Top of MATERIAL FOR THIS TASK
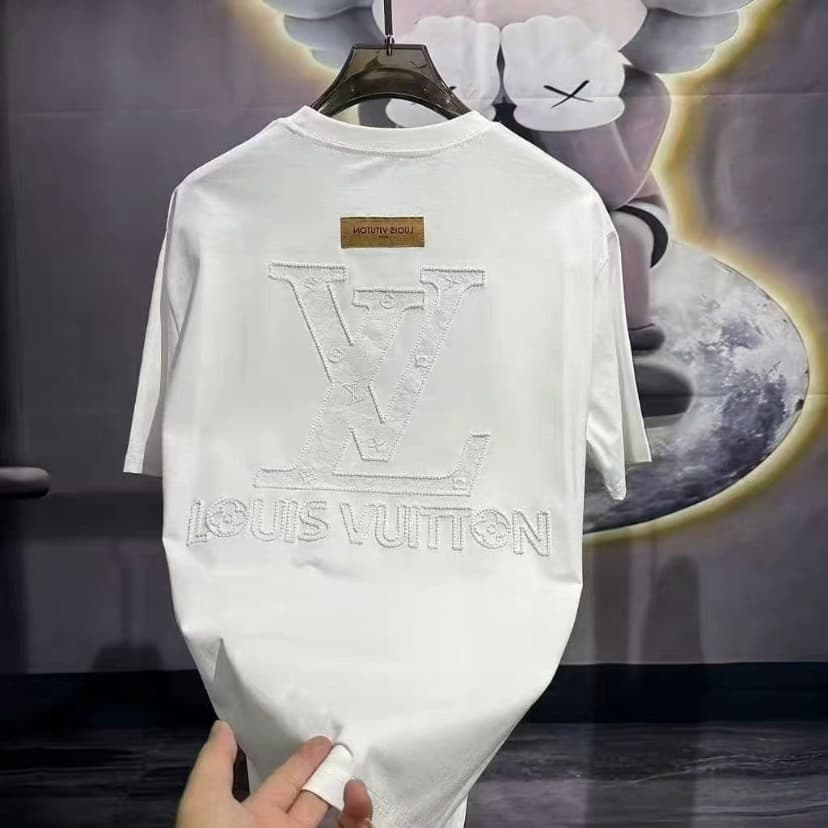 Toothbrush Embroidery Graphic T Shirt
Bottom of MATERIAL FOR THIS TASK
Top of MATERIAL FOR THIS TASK
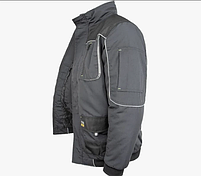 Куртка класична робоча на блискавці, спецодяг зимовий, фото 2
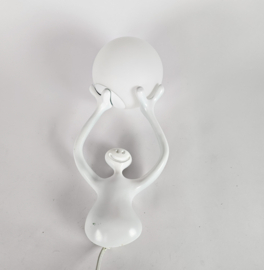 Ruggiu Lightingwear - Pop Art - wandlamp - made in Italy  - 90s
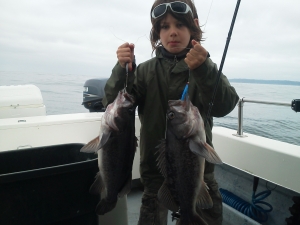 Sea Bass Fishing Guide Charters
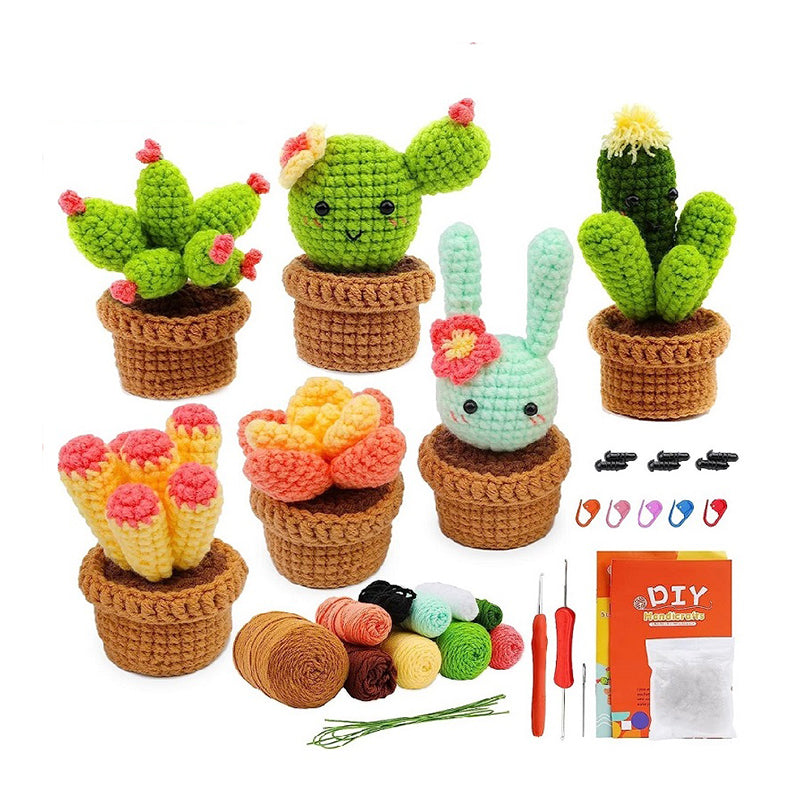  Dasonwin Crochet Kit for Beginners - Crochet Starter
Bottom of MATERIAL FOR THIS TASK
YOUR ASSIGNMENT: In the data above, take the line with "Ruggiu Lightingwear - Pop", the line with "Dasonwin Crochet Kit", and every line between, and set them down exactly without pictures.

PROBLEM SOLUTION:
 Ruggiu Lightingwear - Pop Art - wandlamp - made in Italy  - 90s
 Sea Bass Fishing Guide Charters
  Dasonwin Crochet Kit for Beginners - Crochet Starter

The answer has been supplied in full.